Homework 2
Due: Friday, September 12, 10:00pm on Canvas
Instructions:
- Go to Canvas -> Assignments -> HW 2. Open the GitHub Classroom assignment link
- Follow the instructions to accept the assignment and clone the repository to your local computer
- The repository contains the file
hw_02.qmd. Write your code and answers to the questions in this Quarto document. Commit and push to GitHub regularly. - When you are finished, make sure to Render your Quarto document;
this will produce a
hw_02.mdfile which is easy to view on GitHub. Commit and push both thehw_02.qmdandhw_02.mdfiles to GitHub - Finally, request feedback on your assignment on the “Feedback” pull request on your HW 2 repository
Code guidelines:
- If a question requires code, and code is not provided, you will not receive full credit
- You will be graded on the quality of your code.
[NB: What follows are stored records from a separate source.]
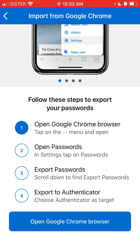That's how you export your Google Chrome passwords to Microsoft Authenticator. You can then set up Microsoft Authenticator as the default app to autofill passwords on iOS, and there you have it.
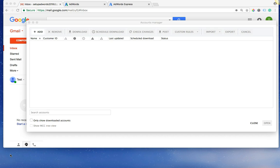All right, so in this video, I'm going to walk you through the basics of AdWords Editor and how it works and why you should use it.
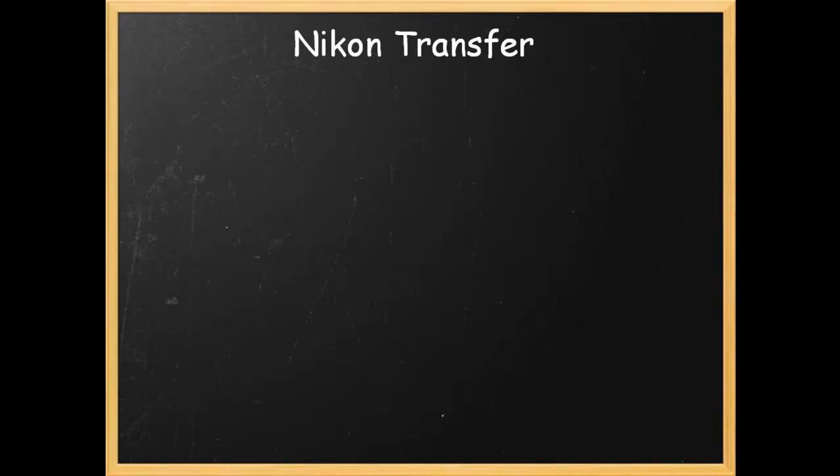Nikon Transfer is included with Capture NX2 and is also available for free via the Nikon website. Nikon Transfer provides a number of functions. You can add metadata information to the photo, which is quite useful. You can create destination folders to place your photos into when transferring them across from your camera to your computer.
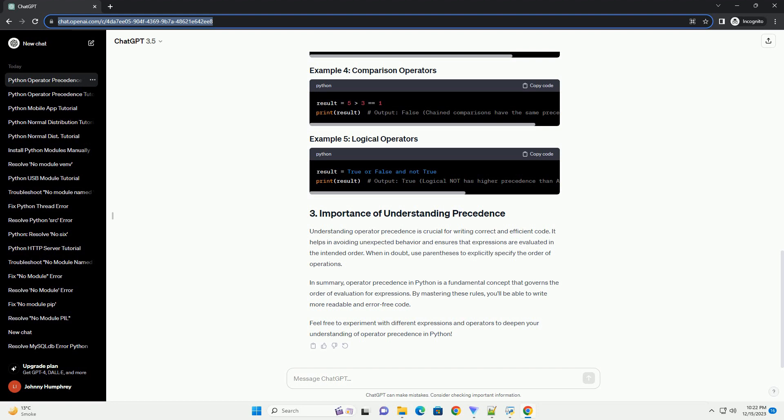In Python, operator precedence determines the order in which operations are performed in an expression. It helps to clarify how different operators interact with each other. Understanding operator precedence is crucial for writing correct and efficient Python code. Python operators have different levels of precedence and are executed in a specific order. The general rule is that higher precedence operators are executed first. Here's a brief overview of some common operators and their precedence, from highest to lowest.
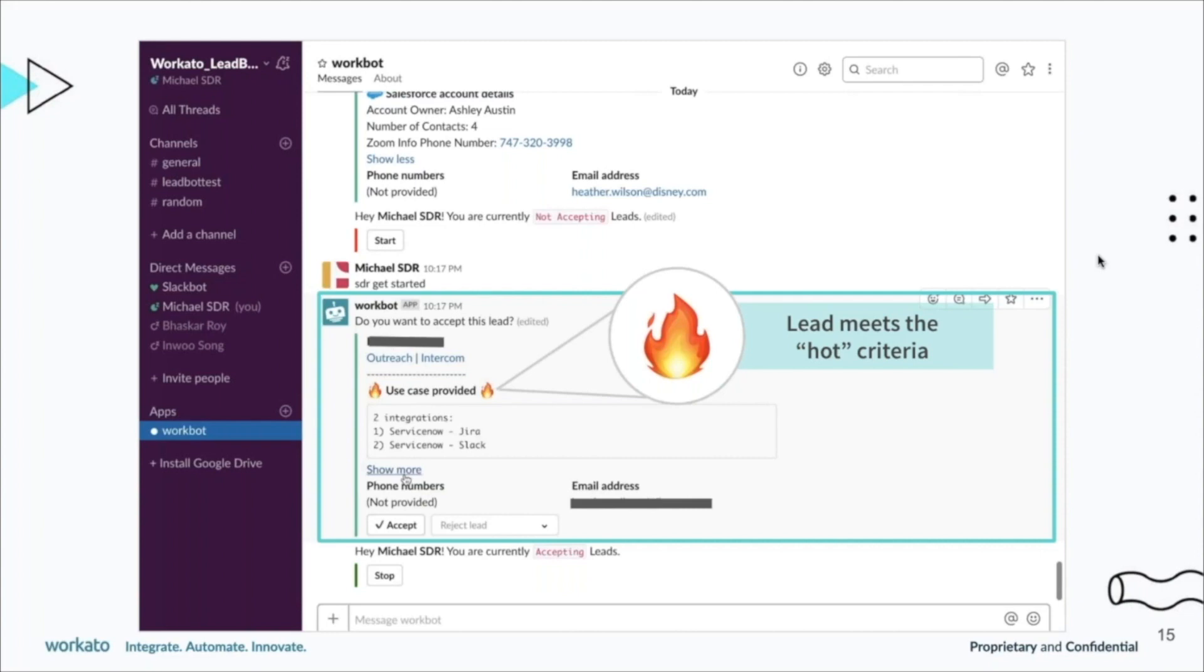It's almost as a signal to the SDR saying this is a hot lead, you need to prioritize this lead right away. Workbot also does this kind of on the back end where it's also looking at the leads that do come in. We also help our SDRs prioritize that based on the notifications they get, so we would surface up the hotter leads, the better fit leads for the reps to reach out to.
In addition to being correct, your code should also be easy to read
Resources:
- Chapter 4 and Chapter 6 in Modern Data Science with R
- Chapter 3 and Chapter 5 in R for Data Science (2nd edition)
Practice pivoting
Question 1
The code below creates a data frame called df_1:
df_1 <- data.frame(
grp = c("A", "A", "B", "B"),
sex = c("F", "M", "F", "M"),
meanL = c(0.225, 0.47, 0.325, 0.547),
sdL = c(0.106, 0.325, 0.106, 0.308),
meanR = c(0.34, 0.57, 0.4, 0.647),
sdR = c(0.0849, 0.325, 0.0707, 0.274)
)
df_1## grp sex meanL sdL meanR sdR
## 1 A F 0.225 0.106 0.340 0.0849
## 2 A M 0.470 0.325 0.570 0.3250
## 3 B F 0.325 0.106 0.400 0.0707
## 4 B M 0.547 0.308 0.647 0.2740
Using pivot_longer and/or pivot_wider,
reshape df_1 to produce the following output:
## # A tibble: 2 × 9
## grp F.meanL F.sdL F.meanR F.sdR M.meanL M.sdL M.meanR M.sdR
## <chr> <dbl> <dbl> <dbl> <dbl> <dbl> <dbl> <dbl> <dbl>
## 1 A 0.225 0.106 0.34 0.0849 0.47 0.325 0.57 0.325
## 2 B 0.325 0.106 0.4 0.0707 0.547 0.308 0.647 0.274
Remember that the ? provides documentation in R. For
example, running ?pivot_wider in the console gives helpful
information about the pivot_wider function.
More practice pivoting
The code below creates a data frame called df_2:
df_2 <- data.frame(id = rep(c(1, 2, 3), 2),
group = rep(c("T", "C"), each=3),
vals = c(4, 6, 8, 5, 6, 10))
df_2## id group vals
## 1 1 T 4
## 2 2 T 6
## 3 3 T 8
## 4 1 C 5
## 5 2 C 6
## 6 3 C 10
An analyst wants to calculate the pairwise differences between the Treatment (T) and Control (C) values for each individual in this dataset. They use the following code:
Treat <- filter(df_2, group == "T")
Control <- filter(df_2, group == "C")
all <- mutate(Treat, diff = Treat$vals - Control$vals)
all## id group vals diff
## 1 1 T 4 -1
## 2 2 T 6 0
## 3 3 T 8 -2
Question 2
Verify that this code works for this example and generates the correct values of -1, 0, and -2. Describe two problems that might arise if the data set is not sorted in a particular order or if one of the observations is missing for one of the subjects.
Question 3
Provide an alternative approach to generate the diff
variable, using group_by and summarize to
produce the following output:
## # A tibble: 3 × 2
## id diff
## <dbl> <dbl>
## 1 1 -1
## 2 2 0
## 3 3 -2
Question 4
Provide an alternative approach to generate the diff
variable that uses pivot_wider and mutate to
produce the following output:
## # A tibble: 3 × 4
## id T C diff
## <dbl> <dbl> <dbl> <dbl>
## 1 1 4 5 -1
## 2 2 6 6 0
## 3 3 8 10 -2
Baseball data
The Teams data in the Lahman package
contains information on professional baseball teams since 1871.
Question 5
Using the Teams data, create a plot of the number of
home runs scored (HR) and allowed (HRA) by the
Chicago Cubs (teamID CHN) in each season. Your plot should
look like close to this:
You may use whichever R functions you like to create the plot, but the axes and legend should be labeled as in the plot above.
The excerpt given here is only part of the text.